Segment Start: DATASET RECORDS
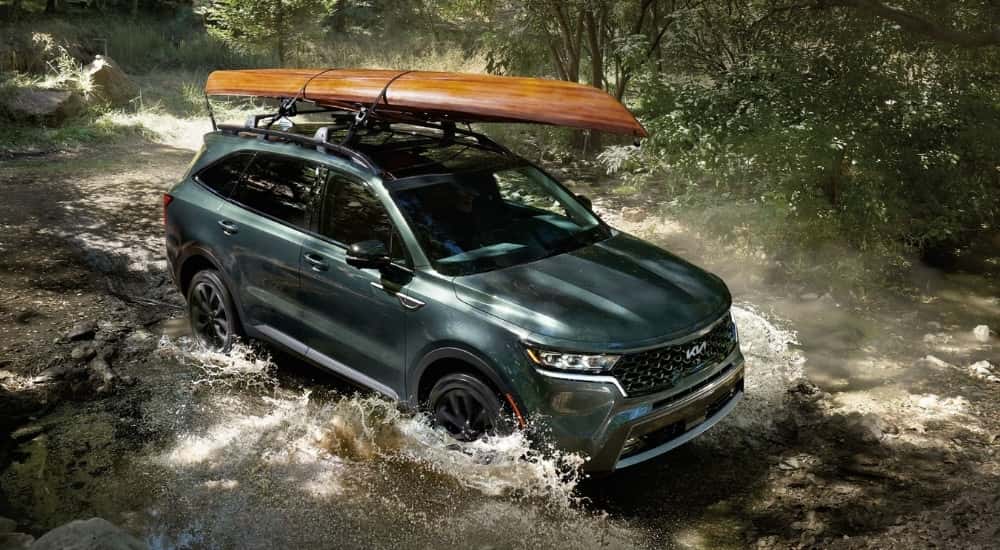 Green 2022 Kia Sorento driving through a river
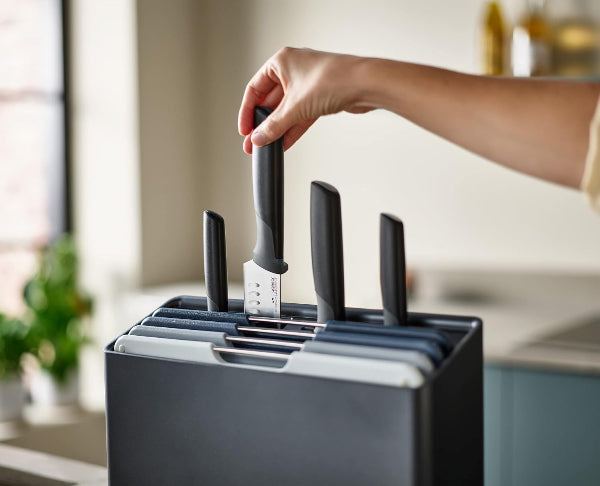 Person inserting a knife into a black knife block on a kitchen counter.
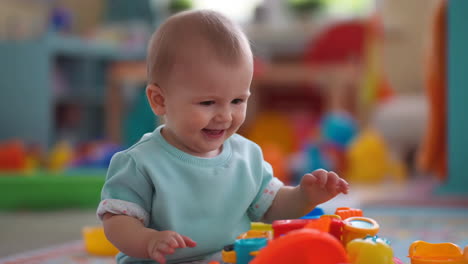 happy baby playing with colorful toys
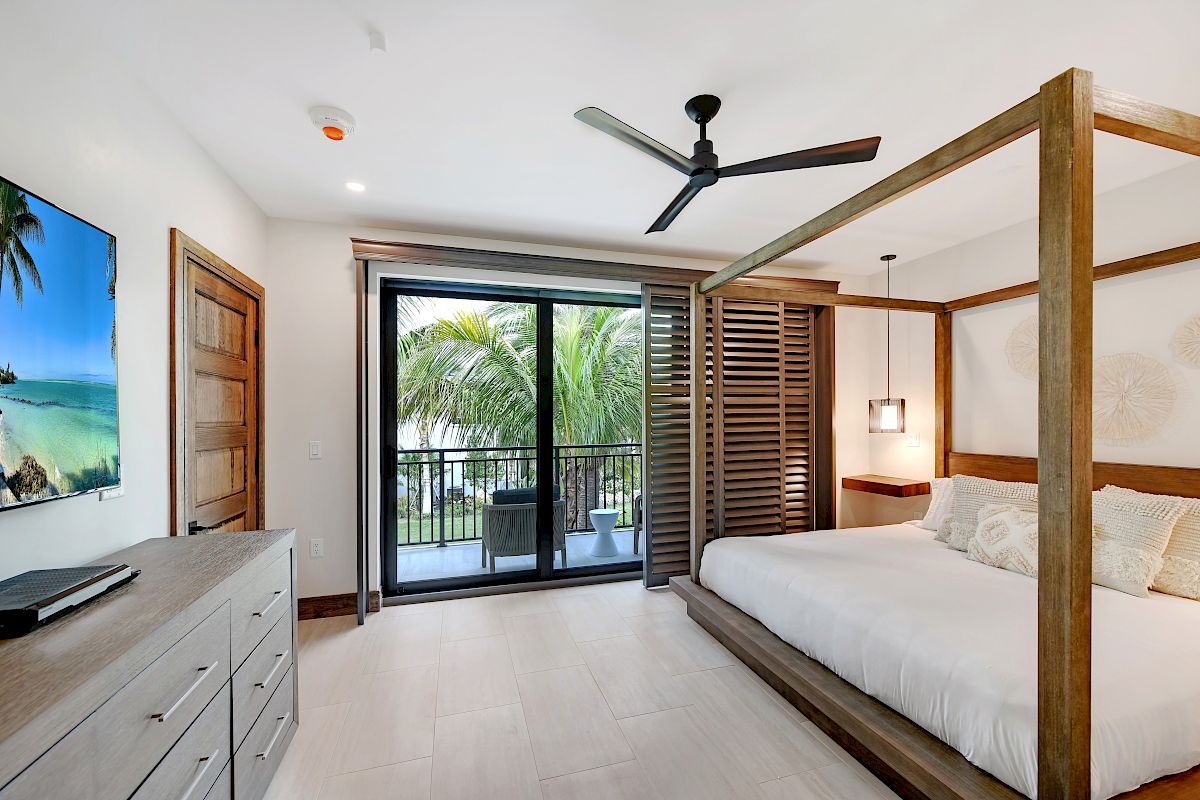 A bedroom with a wooden four-poster bed, ceiling fan, dresser with a TV, and glass doors leading to a balcony with a tropical view.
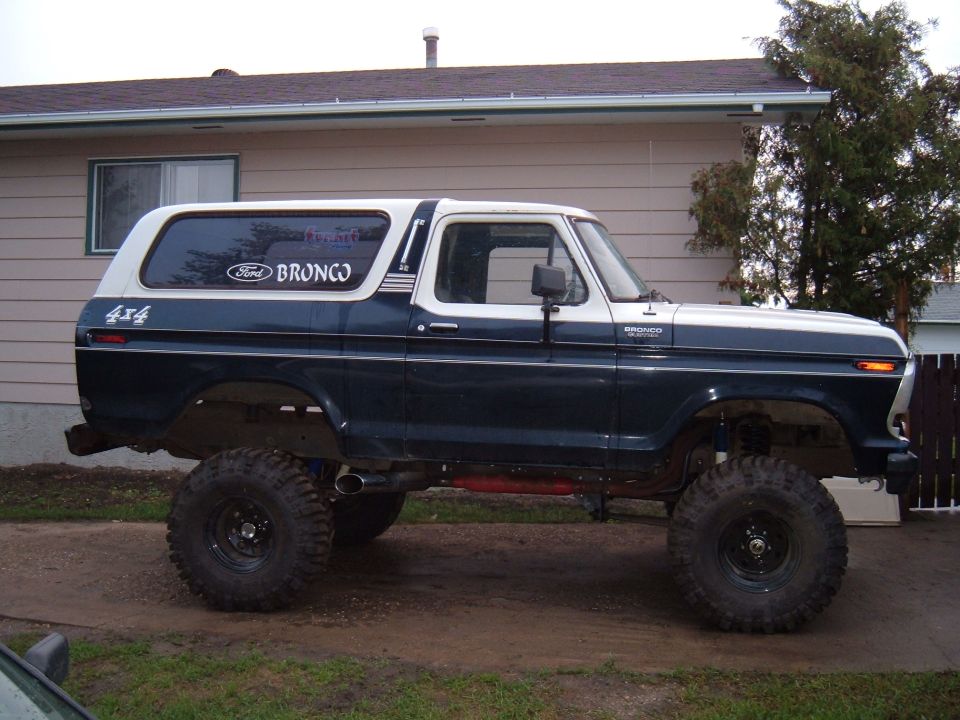 Lifted 1979 Ford Bronco, dark blue with white top, large off-road tires, parked in front of a house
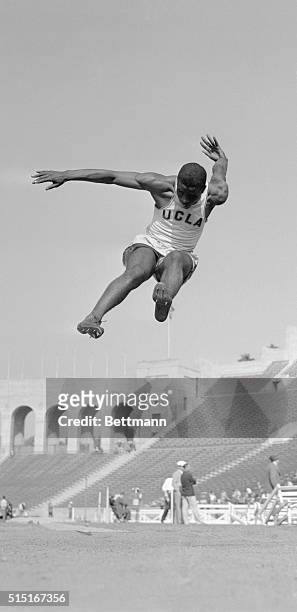 Midair action shot of UCLA student Jackie Robinson winning an event at a track meet at the Los Angeles Coliseum.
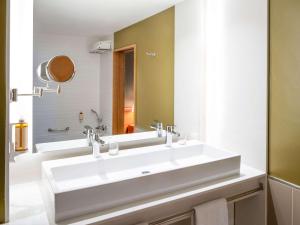 bagno con lavandino bianco e specchio di Hotel Mercure Porto Gaia a Vila Nova de Gaia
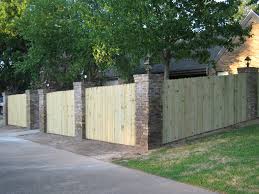 Pin By Chelsea Perry On Living Outside Wood Fence Brick Fence Fence Design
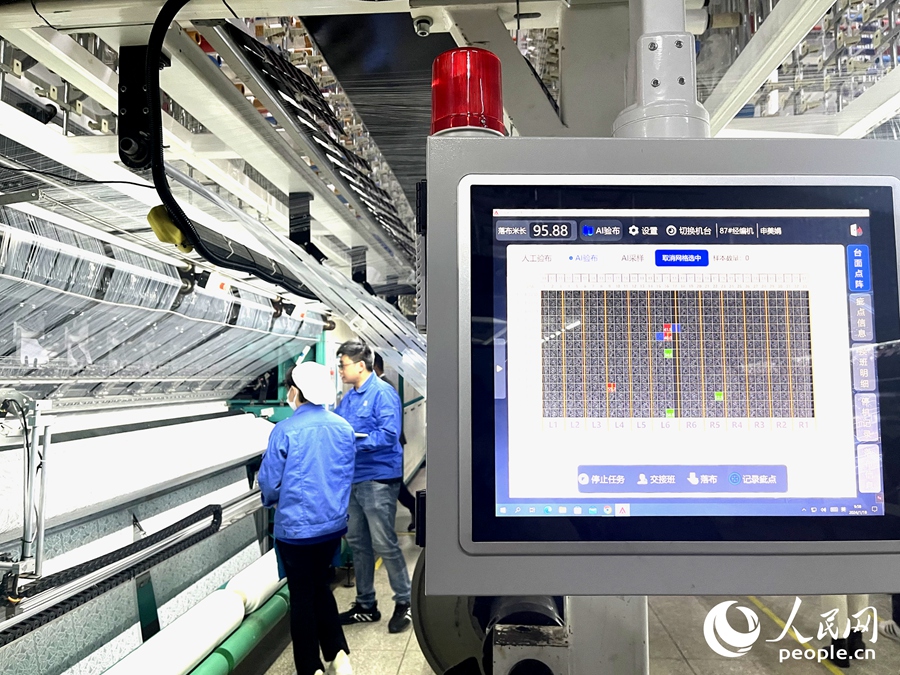 AI智能檢測系統正在檢測東龍針紡坯布上的瑕疵。人民網記者 陳藍燕攝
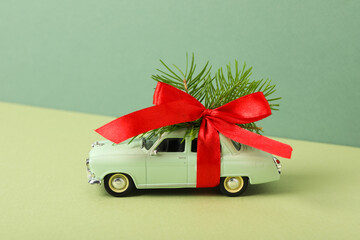 A green car with a Christmas tree and a red bow.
Segment End: DATASET RECORDS
> **ACTIVITY**:
Omit the pictures; print the records above exactly.

> **FINISHED EXERCISE**:
 Green 2022 Kia Sorento driving through a river
 Person inserting a knife into a black knife block on a kitchen counter.
 happy baby playing with colorful toys
 A bedroom with a wooden four-poster bed, ceiling fan, dresser with a TV, and glass doors leading to a balcony with a tropical view.
 Lifted 1979 Ford Bronco, dark blue with white top, large off-road tires, parked in front of a house
 Midair action shot of UCLA student Jackie Robinson winning an event at a track meet at the Los Angeles Coliseum.
 bagno con lavandino bianco e specchio di Hotel Mercure Porto Gaia a Vila Nova de Gaia
 Pin By Chelsea Perry On Living Outside Wood Fence Brick Fence Fence Design
 AI智能檢測系統正在檢測東龍針紡坯布上的瑕疵。人民網記者 陳藍燕攝
 A green car with a Christmas tree and a red bow.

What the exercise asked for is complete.